Au milieu d’une platitude télévisuelle ambiante à laquelle nous nous sommes hélas habitués durant le mois du ramadan, un très beau feuilleton s’est distingué cette année sur la chaîne nationale Wataniya 1 : ‘‘El Maestro’’, qui a réussi à rehausser le niveau du paysage télévisuel.
Par Fawz Ben Ali
Alors que les feuilletons, les sitcoms et autres TV-shows nous font de plus en plus regretter ce passage obligé devant le petit écran durant les soirées ramadanesques (histoires et sujets surconsommés, drames cousus de fil blanc, humour grossier…), le feuilleton ‘‘El Maestro’’ de Lassaad Oueslati a réussi à rehausser le niveau du paysage télévisuel et à réconcilier les spectateurs avec le petit écran grâce à un travail raffiné, engagé et touchant.
Immersion au cœur de deux centres de rééducation pour mineurs
Vers 20h du soir, peu de temps après la rupture du jeûne, l’audience de la télévision nationale atteint son summum avec le rendez-vous quotidien de la diffusion de ce feuilleton, une perle télévisuelle autant sur le plan technique, artistique, qu’émotionnel. Il s’agit d’une immersion au cœur de deux établissements de rééducation pour mineurs délinquants et l’histoire d’un professeur de musique qui croit au pouvoir miraculeux de l’art et de la musique en particulier pour faire de ces jeunes délinquants de meilleures personnes.
Dès les premiers épisodes, on ne peut s’empêcher de penser au célèbre film français ‘‘Les choristes’’ (2004) qui raconte une histoire très semblable; mais la genèse du feuilleton tunisien est née d’une histoire vraie vécue par le musicien et compositeur tunisien Riadh Fehri et qui a inspiré la réalisation d’‘‘El Maestro’’.

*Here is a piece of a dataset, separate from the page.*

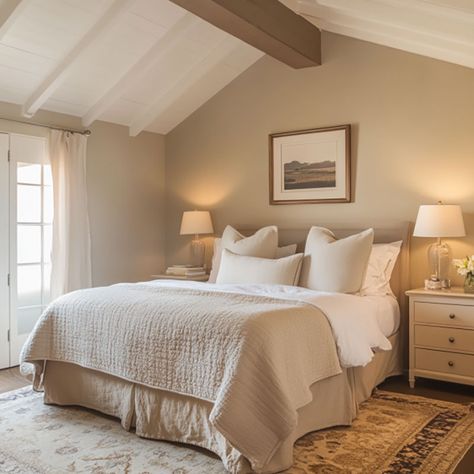 10 Warm Neutral Paint Combinations - The Honeycomb Home Honey Color Paint, Cozy Cream Paint Colors, Oatmeal Walls Bedroom, Natural Bedroom Color Schemes, Creamy Color Paint, Warm Oats Sherwin Williams, Tan Nursery Paint Colors, Like Buttah Paint Color, Carpet And Paint Combinations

Le feuilleton est porté par un casting de premier choix avec Dorra Zarrouk qui cartonne en ce moment en Egypte, Fathi Haddaoui toujours aussi magistral, Wajiha Jendoubi dans excellent un rôle secondaire, Ghanem Zrelli qu’on avait adoré dans ‘‘La belle et la meute’’ ou encore ‘‘Thala mon amour’’ et qu’on découvre dans un tout autre registre, et puis le maestro Ahmed Hafiane, vedette du feuilleton, qui ne cesse de nous impressionner avec sa justesse de jeu, auréolé dernièrement de plusieurs prix pour son interprétation dans ‘‘Fatwa’’ (Tanit d’or des JCC 2018). Mais ‘‘El Maestro’’ met aussi en vedette un grand nombre de jeunes talents dont beaucoup y jouent leurs tout premiers rôles.
La musique est un rempart contre le repli sur soi, la violence et l’extrémisme
Tout commence quand Hatem, un musicien virtuose qui a raté sa carrière et qui se trouve contraint de jouer dans des restaurants pour gagner sa vie, est appelé un jour à animer un club de musique dans un établissement pénitencier pour mineurs. Malgré la réticence des détenus et le scepticisme des responsables du lieu, le musicien repère le potentiel énorme en ces jeunes; car l’idée principale que défend le feuilleton est que la musique est loin d’être un simple outil de divertissement, mais une nécessité et un rempart de taille contre le repli sur soi, la violence et l’extrémisme.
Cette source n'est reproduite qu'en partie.